Solved: Re: Merging two datasets & updating the rows in the target table

alaxman · Posted 10-24-2020 09:14 PM

Hello,

I've created a new table called "UPDATE" which fixes the duplicate svcdate in the "OLD" table (highlighted In red font) -- it is a duplicate because this is the same person (as you can also see by dob). I want to merge these tables, taking the enrolid & svcdates from the "UPDATE" table and merge onto the "OLD" dataset (keeping the other variables from the OLD dataset but ensuring it updates the duplicate svcdate issue).

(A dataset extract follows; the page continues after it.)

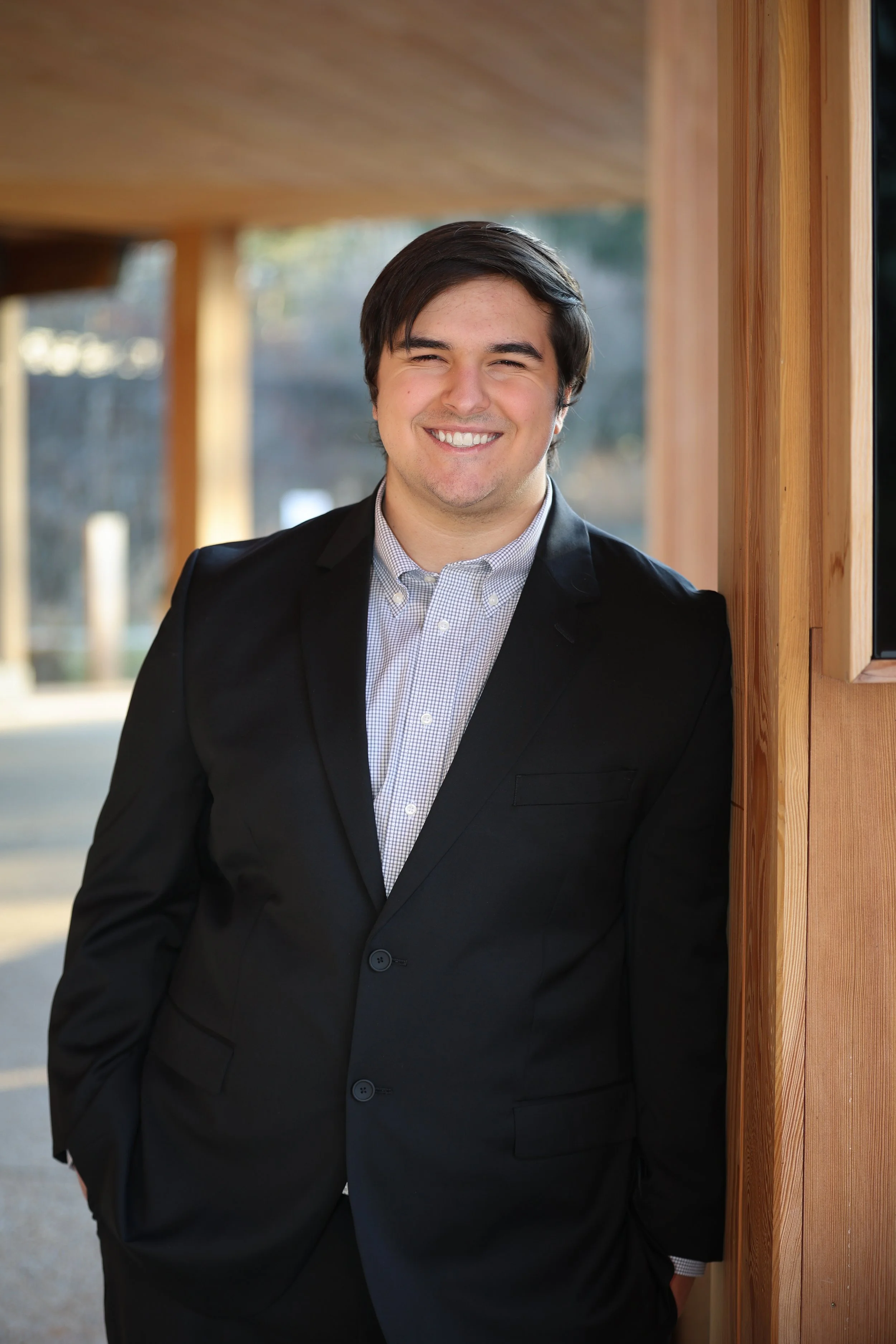 A young man in a black suit and light checkered shirt, smiling, standing outdoors next to a wooden wall.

I have used the following merge statement to do this, but it is not working. Is there something else that I need to do? Thanks in advance!

data PERSISTENCE_3M_12M2;

MERGE sum persistence_3M_12M;

by enrolid;

run;

OLD

enrolid	ndcnum	svcdate	daysupp	copay	coins	deduct	dob
A	21	4/25/14	8	0	0	0	x
A	21	4/25/14	8	45	0	0	x
A	22	5/2/14	30	45	0	0	z
A	23	7/22/14	30	45	0	0	q

UPDATE

enrolid	ndcnum	svcdate	daysupp	copay
A	21	4/25/14	8	45
A	22	5/2/14	30	45
A	23	7/22/14	30	45

What I want:

enrolid	ndcnum	svcdate	daysupp	copay	coins	deduct	dob
A	21	4/25/14	8	45	0	0	x
A	22	5/2/14	30	45	0	0	z
A	23	7/22/14	30	45	0	0	q

mkeintz · Posted 10-24-2020 10:31 PM

It appears that your persistence_3m_12M is meant only to identify which case among duplicates to choose. It does not add new information. If so, then:

data want;
  set sum;
  if _n_=1 then do;
    declare hash h (dataset:'persistence_3m_12m');
	  h.definekey(all:'Y');
	  h.definedone();
  end;
  if h.check()=0;
run;

The data do not need to be sorted for this to work, but this program does assume that the dataset persistence_3m_12m is complete - i.e. it identifies every case from sum that you want.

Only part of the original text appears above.